Last week the National Association of Hispanic Real Estate Professionals called on lawmakers in Congress and government officials to reverse investor-favored policies that have created an imbalance in housing inventory and unfavorable conditions for Hispanics and other first-time homebuyers.
Executives of NAHREP specifically cited Fannie Mae and Freddie Mac REO to Rental programs that eliminate affordable housing stock from the market and fuel an unfair race between owner-occupant buyers and investors. The programs, they say, create large investor-controlled housing markets and undermine the economic stimulus and recovery owner-occupant buyers can bring to the U.S. economy.
In 2012, investors purchased 50 percent of all homes selling for $250,000 or less, with the majority of these transactions driven through bulk sales, auctions and drop-bid trustee sales, according to NAHREP leaders. The net effect of the trend will turn owner-occupant neighborhoods into renter communities.
“Wall Street wins again! Hundreds of thousands of residential properties are being purchased by large investors through channels that are unavailable to owner-occupant buyers,” said Juan Martinez, NAHREP President. “With new housing construction still at a low and buyer demand on the rise, these programs have eliminated housing stock from the owner-occupant market at a time when first-time homebuyers can buy affordable housing at low interest rates.”

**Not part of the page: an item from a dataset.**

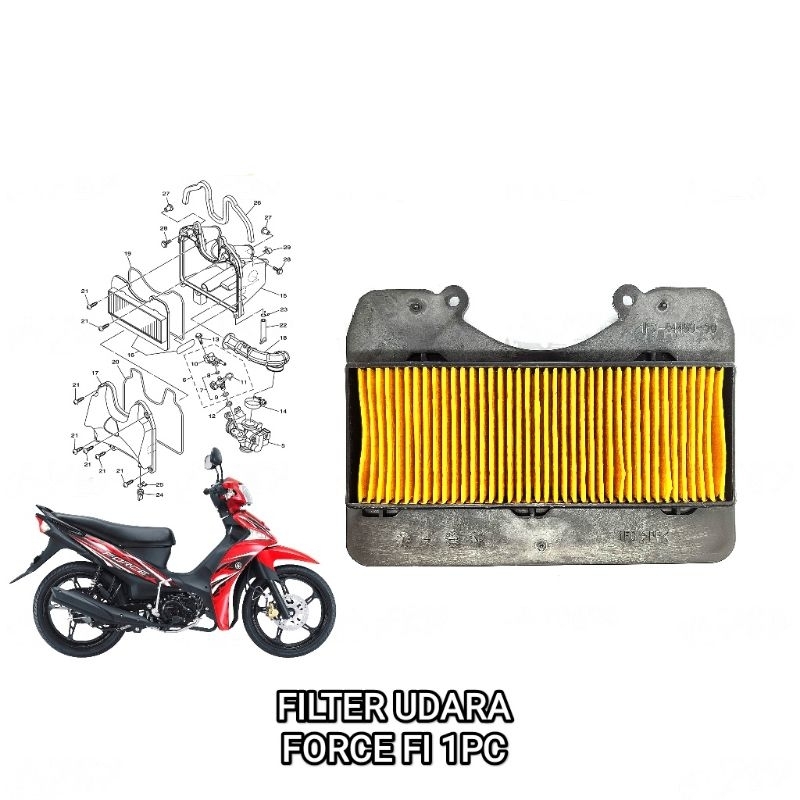 Jual Filter Udara Force Fi 4T Saringan Udara Filter Screen Air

More than 90 percent of all foreclosed homes in the Phoenix area in 2012 were sold to investors when agents in the market report having 10 fully qualified buyers for every home listed in the market by an agent, say Hispanic real estate leaders. NAHREP agents report similar trends in other markets like Las Vegas, Miami, Sacramento, Los Angeles and the Inland Empire (east of LA).
“Failure to provide home buying opportunities to some of the most important growth segments of our nation – such as the Latino community – not only jeopardizes economic growth for our nation, it compromises the long-term financial stability of a generation,” said Martinez.
As part of its call to action to policy makers, Hispanic real estate leaders also recommend balanced mortgage credit rules that do not restrict access to credit, changes that support the health and solvency of the FHA fund and sensible immigration reform that preserves the nation’s labor pool and provides a route to citizenship for undocumented individuals and their children.